If you were a piece of winery equipment, what would you be…

Charlie told me about an interview he once had. He’d been asked this question: If you were a piece of winery equipment, what would you be? He answered that he would be a pumpover device. I had to ask what a pumpover device was. Apparently, it’s the piece of equipment that pumps the wine over the skins in a fermentation tank.

And he had reasons for his answer. But I can’t articulate them, because I didn’t write them down when he told me and because I don’t have the vocabulary of the wine industry. But I thought about that question and wondered if I were a piece of equipment, what piece of equipment would I be?

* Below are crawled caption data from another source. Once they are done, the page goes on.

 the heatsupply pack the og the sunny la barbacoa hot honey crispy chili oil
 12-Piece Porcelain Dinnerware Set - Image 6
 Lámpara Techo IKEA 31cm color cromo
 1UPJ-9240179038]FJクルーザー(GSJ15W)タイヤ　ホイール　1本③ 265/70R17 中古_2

I don’t feel like I can identify with any piece of office equipment. Especially in telecom. I guess that says something right there.

I sort of felt like I could be a big piece of JCB equipment (excavator maybe)… I feel more comfortable with that. But, in the end, I decided I completely identified with a Swiss Army knife.

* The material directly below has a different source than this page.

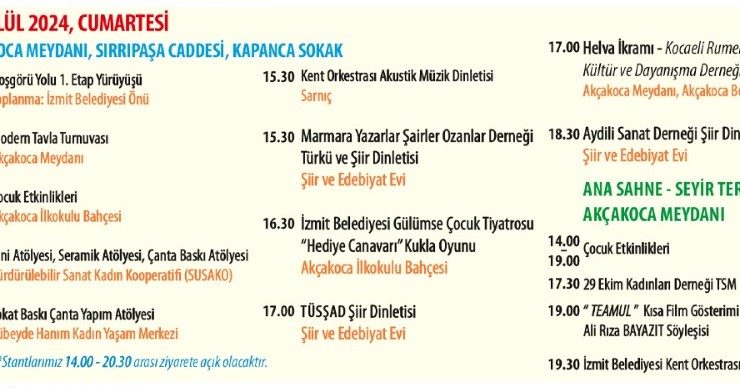 Kapanca Sokak Festivali’nin ikinci günü birbirinden renkli etkinliklerle geçecek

If I were a piece of equipment, I think I would be a Swiss Army knife.

Incredibly useful in any (or almost any) situation.
Low maintenance.
High performance.

I’m not talking about the all-in-one Swiss Army knife. I’m just talking about a regular one. The run-of-the-mill Swiss Army knife. The one you would throw in your backpack for an expedition. That’s me right now. At least, that’s what I was thinking on the way home after lunch.

A while ago, I blogged about being Chardonnay. I remember I liked that description. I’m still working on it.

The Swiss Army version of me would definitely have a corkscrew.